==== Entries shown

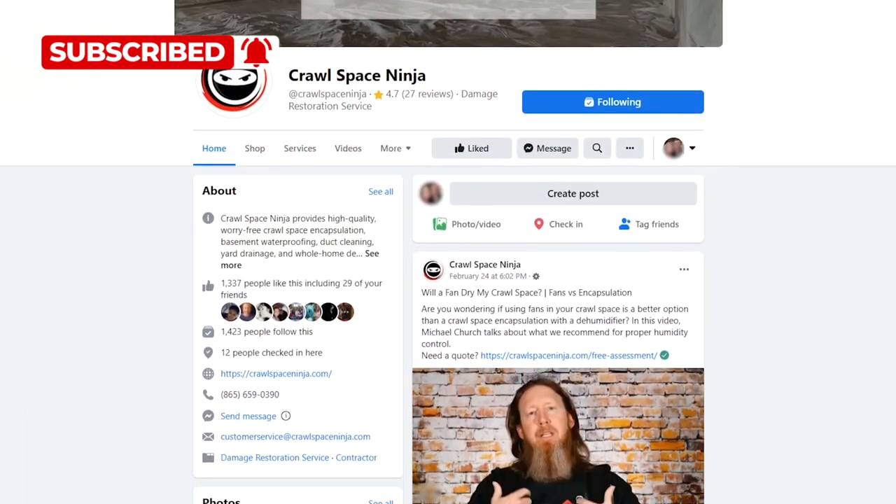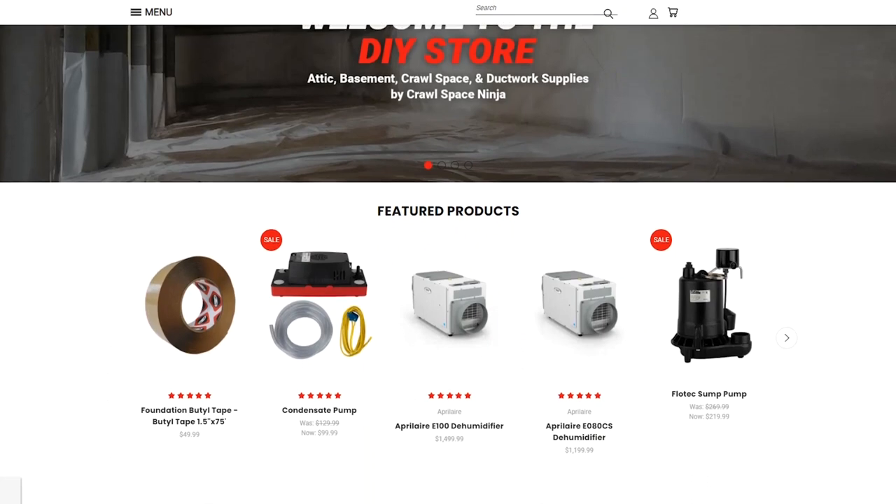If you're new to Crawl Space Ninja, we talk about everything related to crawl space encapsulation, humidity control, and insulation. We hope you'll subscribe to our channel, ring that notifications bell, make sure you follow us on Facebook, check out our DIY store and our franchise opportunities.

========
==== Entries shown

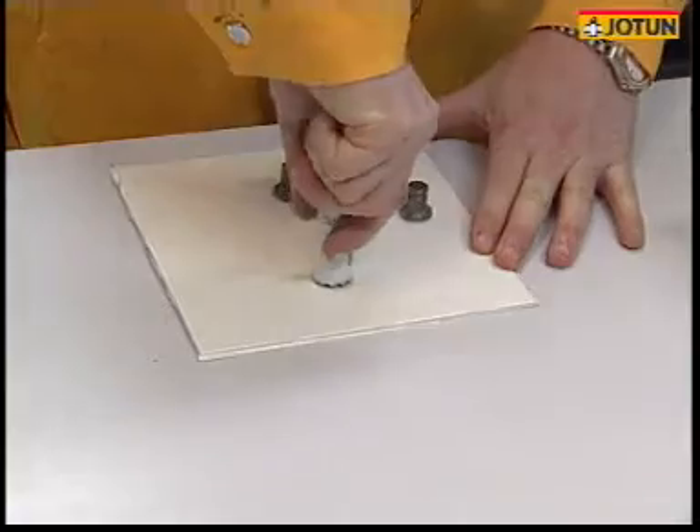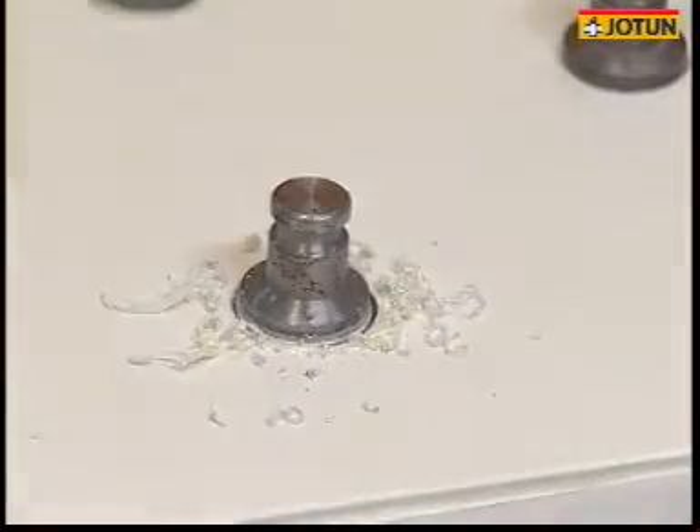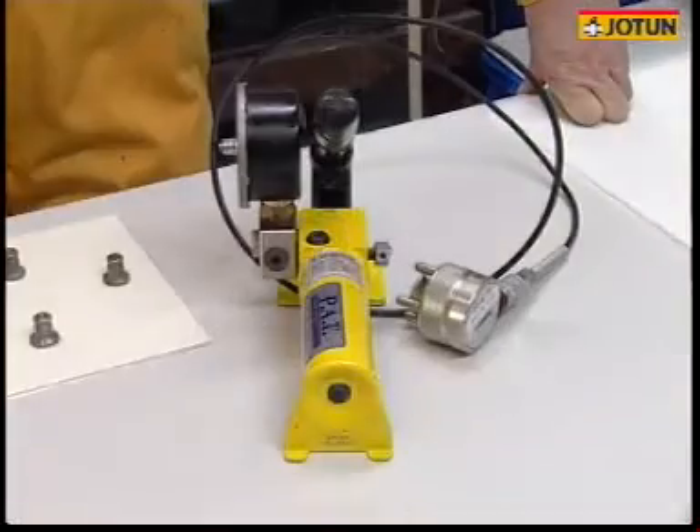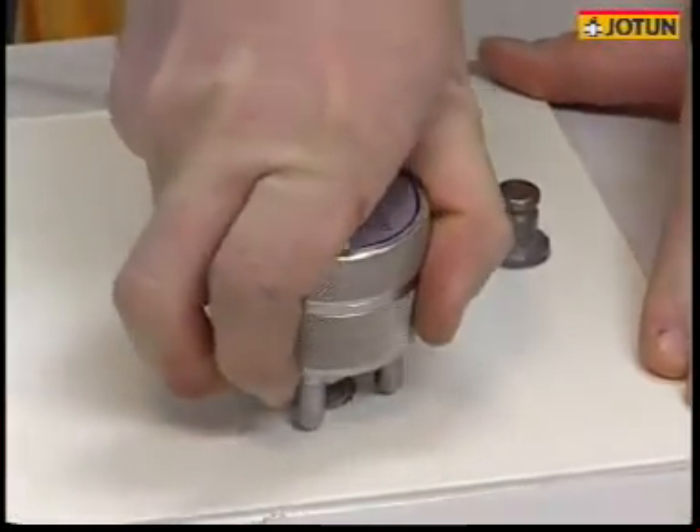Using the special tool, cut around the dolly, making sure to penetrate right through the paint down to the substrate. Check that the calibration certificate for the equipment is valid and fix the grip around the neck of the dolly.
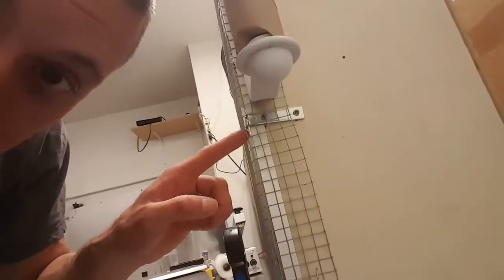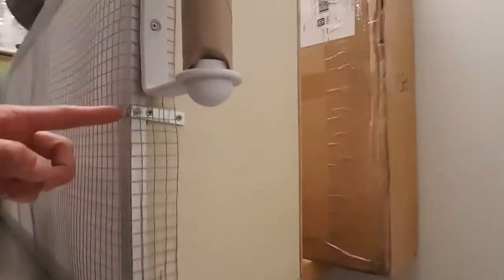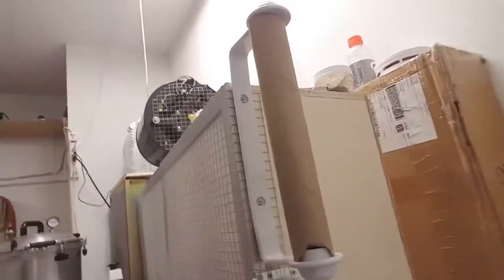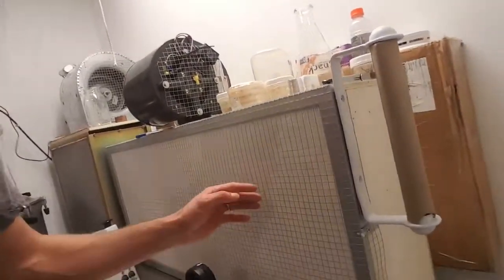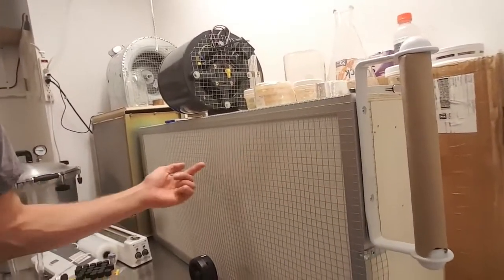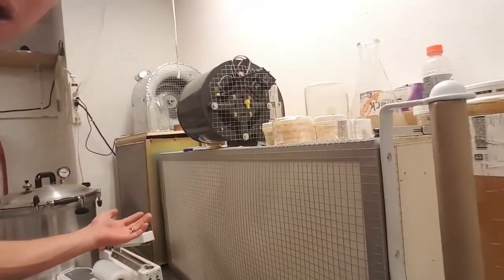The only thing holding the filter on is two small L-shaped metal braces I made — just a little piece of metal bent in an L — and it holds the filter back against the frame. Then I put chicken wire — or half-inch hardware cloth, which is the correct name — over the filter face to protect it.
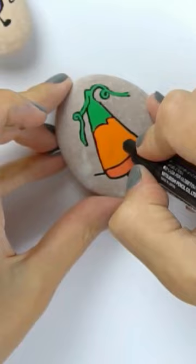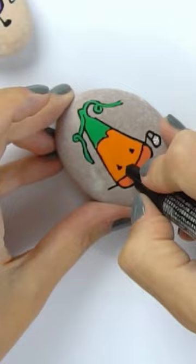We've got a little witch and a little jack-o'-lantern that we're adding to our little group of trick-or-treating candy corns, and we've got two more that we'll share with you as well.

========
==== Entries shown

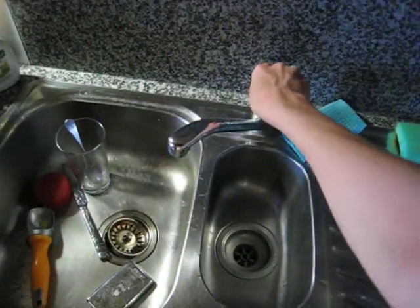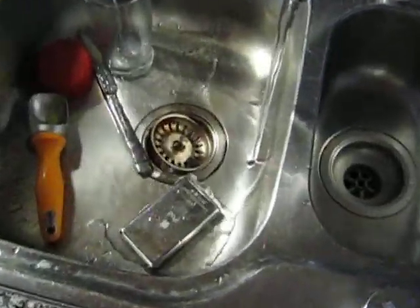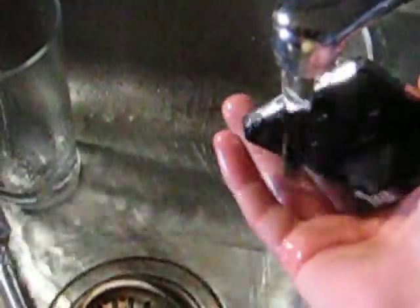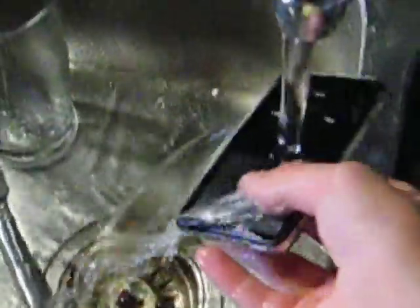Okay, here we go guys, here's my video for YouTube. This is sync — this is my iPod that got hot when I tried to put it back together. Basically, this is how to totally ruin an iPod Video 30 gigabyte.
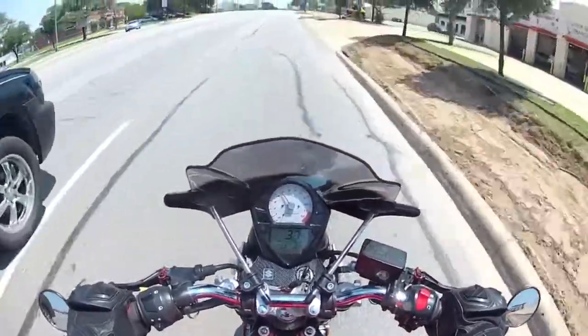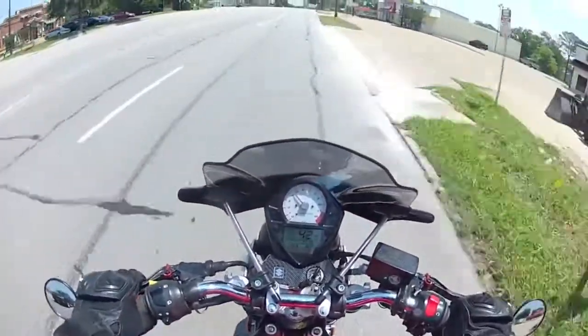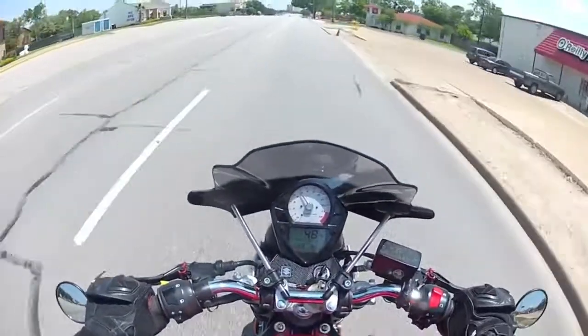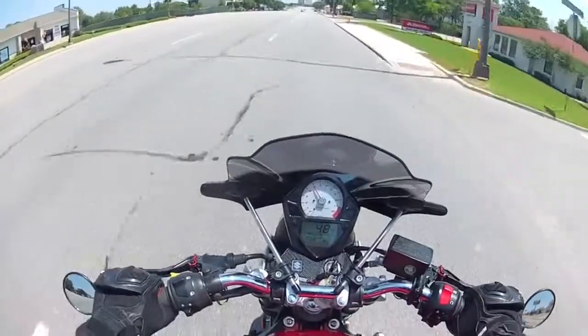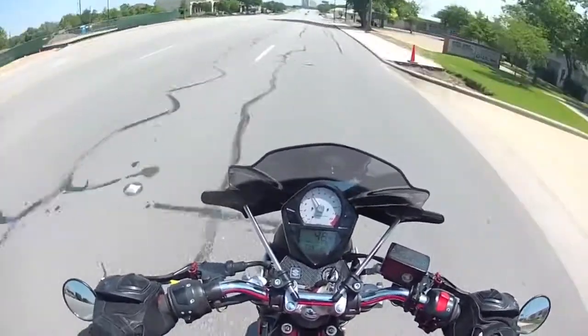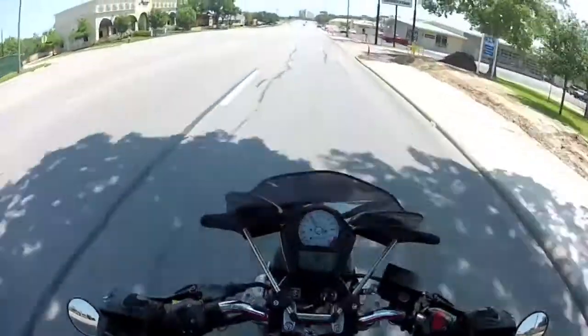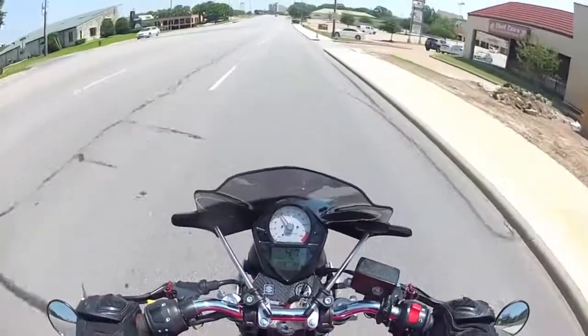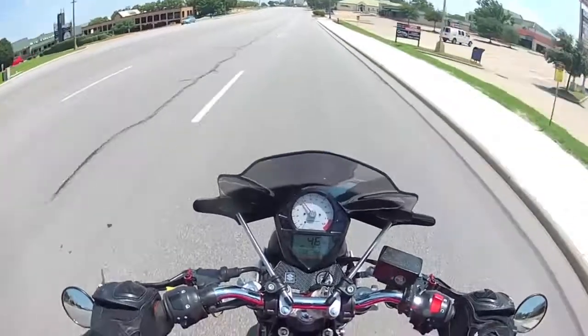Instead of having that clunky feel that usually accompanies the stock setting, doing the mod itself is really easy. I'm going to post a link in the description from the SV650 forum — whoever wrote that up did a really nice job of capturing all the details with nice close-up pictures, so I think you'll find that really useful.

========

What is required:
What to print is the stretch of entries from the line with "The only thing" up to and including the line with "We've got a". Please print it exactly and leave out the pictures.

Answer space:
The only thing holding the filter on is two small L-shaped metal braces I made — just a little piece of metal bent in an L — and it holds the filter back against the frame. Then I put chicken wire — or half-inch hardware cloth, which is the correct name — over the filter face to protect it.
We've got a little witch and a little jack-o'-lantern that we're adding to our little group of trick-or-treating candy corns, and we've got two more that we'll share with you as well.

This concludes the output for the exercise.